Watching a slightly chubbier Rundgren do guitar windmills during “Love of the Common Man,” his bleached hair waving around as the stage lights reflects off his sunglasses, it’s clear that he regrets nothing. He may have dabbled in synthesizer noodling and sound effects during his stranger 70s moments, but the man doesn’t have the slightest trace of avant garde impulse in him. An unembarrassed hippie and romantic, Rundgren has always performed zealously—dressing in sequined unitards, painting his eyes with glitter, holding out the mic for a crowd sing-along—and he continues in this tradition today, albeit more reservedly, as if punk never happened.
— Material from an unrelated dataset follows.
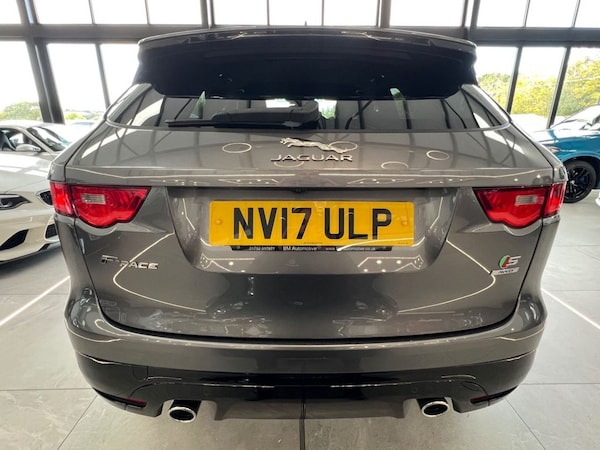Used Jaguar F-Pace 2017 for sale - 76279488: Photo 12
He takes an obvious pride in pleasing his audience, and hasn’t, even at his most iconoclastic, ever succumbed to mere artistic stubbornness.
But for better or worse, stubbornness is a valued commodity among record collectors and harder-core canon nerds—the people who, equally stubbornly, equate serious music fandom with a knowledge of pop tradition beyond that on radio stations like The Bay. Thus one struggles to find a single chronologically post-punk band who lists Rundgren as a major influence, unlike the Great Stubborn Solo Artists—Dylan, Neil Young, Elvis Costello, Reed and Chilton, even Tom Waits or Scott Walker—whose influence seem limitless.
Rundgren’s Baltimore stop, which by all accounts was similar to the recent shows in support of his 2008 album Arena, would do little to persuade those heretofore unconvinced of the man’s greatness. In the middle third particularly, the band played through some pretty faceless butt-rock that wouldn’t be out of line at a State Fair gig. And Rundgren’s current touring lineup, while featuring Utopia bassist Kasim Sulton on keys and guitar, doesn’t play as nimbly as that older group, going instead for pile-driving force. But the crowd loved it, and that’s always been Rundgren’s intent, from at least back when he printed the names of all his fan club members on a poster included in the first pressing of Todd. He closed with fan favorite “Just One Victory,” and shook hands and tossed his guitar picks as he walked offstage, signing outstretched LPs in the process. And it was a certain kind of inspiring fun to watch a 60-year-old man and living legend do partially arthritic leg kicks and belt a heart-on-sleeve anthem like “I Saw The Light” as if doing that kind of thing never stopped being cool.